The American show about a wronged wife turned lawyer has been adapted for Korean TV

Stripped of a melodramatic score, leaning heavily on an American script and tackling a story of marital transgression head-on, The Good Wife isn't a standard K-drama. Well, it isn't, until it is.

Over seven seasons that ended just three months ago, the original CBS series, starring Julianna Margulies, told the tale of a figure familiar from media images, a political wife who stands by her unfaithful husband at a press conference during a scandal, and showed the private complicated woman behind the public role, who restarts her law career after her husband is sent to jail.

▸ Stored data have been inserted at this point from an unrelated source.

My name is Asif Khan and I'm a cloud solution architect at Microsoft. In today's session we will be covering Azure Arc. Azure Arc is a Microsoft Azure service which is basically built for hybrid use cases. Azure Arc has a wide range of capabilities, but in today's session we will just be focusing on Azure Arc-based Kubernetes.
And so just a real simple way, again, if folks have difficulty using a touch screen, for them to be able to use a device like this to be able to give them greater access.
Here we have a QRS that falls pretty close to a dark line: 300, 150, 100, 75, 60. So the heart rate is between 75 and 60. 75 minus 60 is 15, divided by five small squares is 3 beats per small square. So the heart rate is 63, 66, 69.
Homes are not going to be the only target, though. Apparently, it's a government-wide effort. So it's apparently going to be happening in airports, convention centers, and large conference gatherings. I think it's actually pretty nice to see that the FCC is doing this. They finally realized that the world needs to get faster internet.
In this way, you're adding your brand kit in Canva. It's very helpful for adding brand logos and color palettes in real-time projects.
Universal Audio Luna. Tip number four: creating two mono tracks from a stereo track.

Adapting the show for conservative South Korean television is a bold decision for cable network tvN, and I was curious to know how far things would and could go in 16 episodes: How would the adaptation play the wife's endangered relationship with her husband and her ensuing affair with her boss? Would it even go there?

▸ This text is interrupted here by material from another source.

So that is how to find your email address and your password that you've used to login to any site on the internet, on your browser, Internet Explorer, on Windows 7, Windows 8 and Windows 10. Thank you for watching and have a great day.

At the outset, the Korean Good Wife doesn't feel typically Korean. The soundtrack suggests international elevator music, not K-pop, and isn't as emotionally manipulative.

The show looks Korean, though, in the sense that it and its stars - Jeon Do Yeon (Secret Sunshine, 2007) as the wife and fledgling lawyer, Yoo Ji Tae (Oldboy, 2003) as the husband and embattled prosecutor, and Yoon Kye Sang as Jeon's boss and would-be boyfriend - are better-looking than they have to be.

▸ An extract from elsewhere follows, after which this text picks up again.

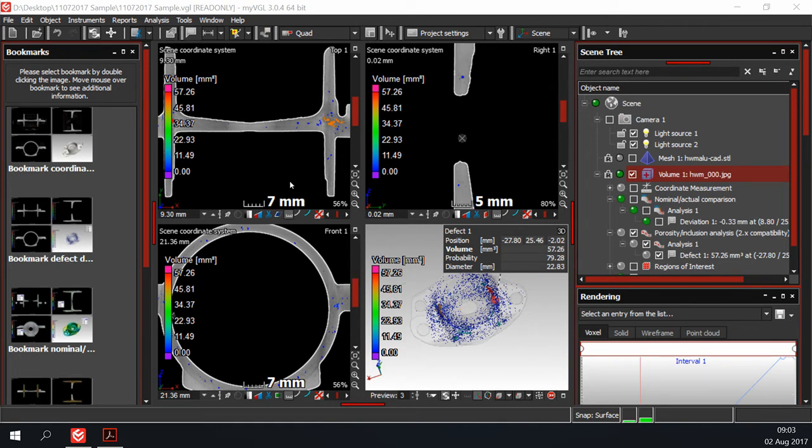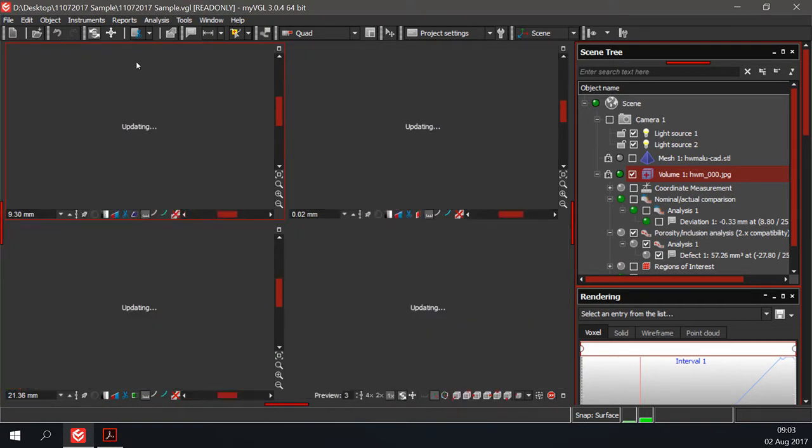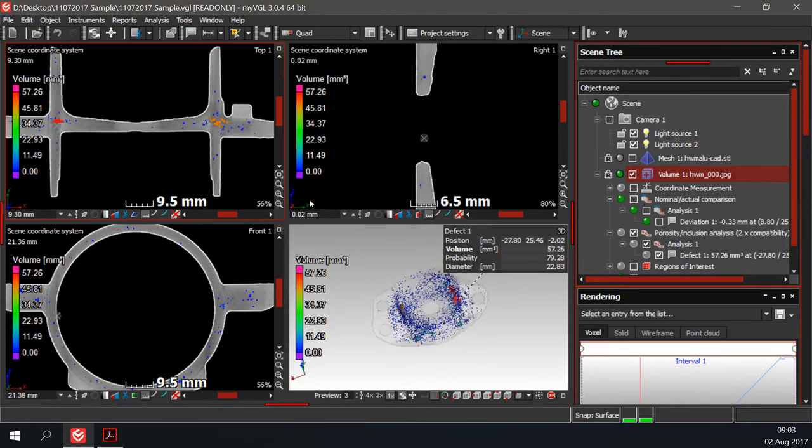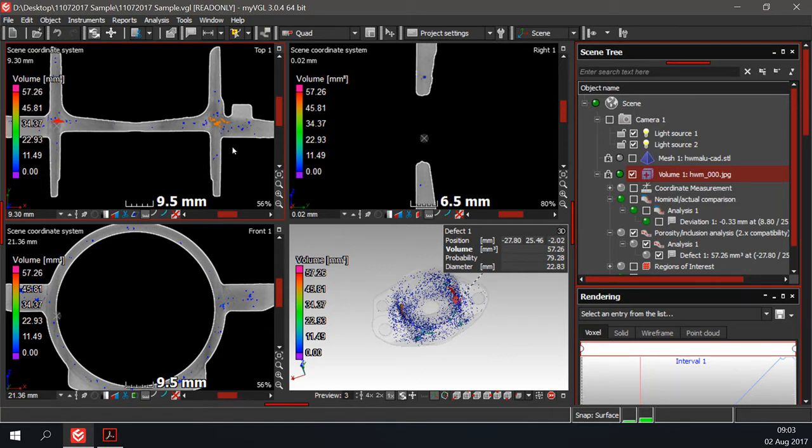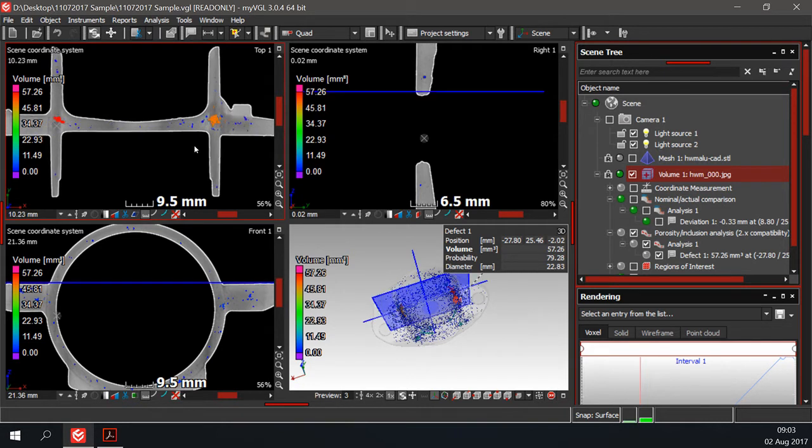To improve visibility I will close the bookmarks bar for now. When you hover your mouse cursor over any of the 2D views and scroll the mouse wheel, you will slice through the CT dataset.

Stay long enough and it also becomes clear that the adaptation takes place in a Korean moral universe.

Jeon Do Yeon (right) is a wronged wife turned lawyer in the Korean remake of The Good Wife.
Jeon Do Yeon is a wronged wife turned lawyer in the Korean remake of The Good Wife. PHOTO: STARHUB

Jeon is picking up the pieces after her husband is accused of accepting a sexual bribe and his enemies leak a sex tape of him. She joins Yoon's law firm, but the political intrigue follows her to her job.

Kim Hee Ae and Ji Jin Hee are a middle-aged would-be couple in Second To Last Love.
Kim Hee Ae and Ji Jin Hee are a middle-aged would-be couple in Second To Last Love. PHOTO: ONE

Here, the story of the love triangle deviates from the original - and in ways that manage to be safe and sort of cute.

Early on, the adaptation introduces Yoon's father, a cranky lawyer who lets Jeon in on his secrets and tries to pry into his son's feelings, presumably because few relationships in K-dramas can develop without a nosy elderly relative in the picture.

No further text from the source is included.